LA FAYETTE (MADAME DE)

LA FAYETTE (MADAME DE)
LA FAYETTE (MADAME DE)

«Mme de La Fayette a eu raison pendant sa vie. Elle a eu raison après sa mort.» Mme de Sévigné croyait-elle si bien dire et comme prophétiser. Depuis trois siècles, en effet, ce nom a fait éclore un mythe. Qu’importe qu’elle soit auteur plus qu’écrivain si sa postérité littéraire en est encore à s’enrichir de cette sorte de cascade qui (hommage, influence, tentative concertée), en ordre ou dans le désordre, en passant par Constant, Stendhal ou Gobineau, Fromentin ou Radiguet, a nourri l’art du roman.

Est-ce une langueur mélancolique qui la fit surnommer «le brouillard» par les familiers de l’hôtel de Nevers, tandis que d’aucuns vantaient sa «divine raison»? Nul doute qu’elle ait eu son mystère, cette grande dame française, un peu fragile, qui se disant «baignée de paresse» n’en menait pas moins ses affaires avec ardeur, qui, prude, dévote, jeune et non veuve, laissa La Rochefoucauld ne la presque pas quitter, qui, ne détestant pas l’intrigue, ne s’aliéna nulle amitié, et, sensible aux succès mondains, empêcha, néanmoins, qu’aucune de ses œuvres fût publiée sous son nom.

L’intelligence du succès

L’époque était de celles où une fortune trop petite, une érudition trop grande et une noblesse médiocre gênaient l’établissement d’une fille.

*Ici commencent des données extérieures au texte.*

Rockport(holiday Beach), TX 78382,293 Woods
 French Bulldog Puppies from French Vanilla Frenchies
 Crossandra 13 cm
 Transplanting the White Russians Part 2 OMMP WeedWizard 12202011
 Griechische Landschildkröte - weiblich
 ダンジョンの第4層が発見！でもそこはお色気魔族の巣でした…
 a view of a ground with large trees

Or, tout homme de goût qu’il fût, son père, Marc Pioche de La Vergne, n’était que simple écuyer. Sans doute Marie-Madeleine, qui naquit à Paris, eût-elle passé son existence parmi nombre d’honnêtes gens plus cultivés que courtisans, si sa mère, Isabelle Pena, n’eût été assez habile pour la pousser dans le monde. Elle lui donne pour parrain Urbain de Maillé, marquis, maréchal de France et beau-frère de Richelieu; pour marraine, Marie-Madeleine de Vignerol du Plessis, nièce du même Richelieu et future duchesse d’Aiguillon. Retz, le coadjuteur, fréquente la maison, ainsi que Renaud de Sévigné (oncle de la marquise) qu’Isabelle Pena épousera en secondes noces. Les activités frondeuses de ce beau-père turbulent, et qui lui vaudront peut-être son goût pour la politique, n’empêcheront pas Marie-Madeleine d’être, en 1651, demoiselle d’honneur de la reine, et, en 1654, de se lier avec Henriette d’Angleterre, dont elle écrira une vie, et qui séjourne en le couvent de Chaillot. En 1655, elle épousera le frère de la supérieure de ce couvent, Jean François de La Fayette, de vingt ans son aîné; mais un nom, et certaine fortune.

De «cette chose incommode» que lui paraît être l’amour, elle ne souffrira guère. Laissant en ses terres d’Auvergne un mari fort peu gênant, Mme de La Fayette ne quittera plus Paris jusqu’à sa mort. Le mariage d’Henriette d’Angleterre avec Monsieur, duc d’Orléans, lui ouvrira les portes de la Cour. Son sens pratique et son esprit feront le reste: elle saura mener la carrière de ses fils et devenir «une personne considérable».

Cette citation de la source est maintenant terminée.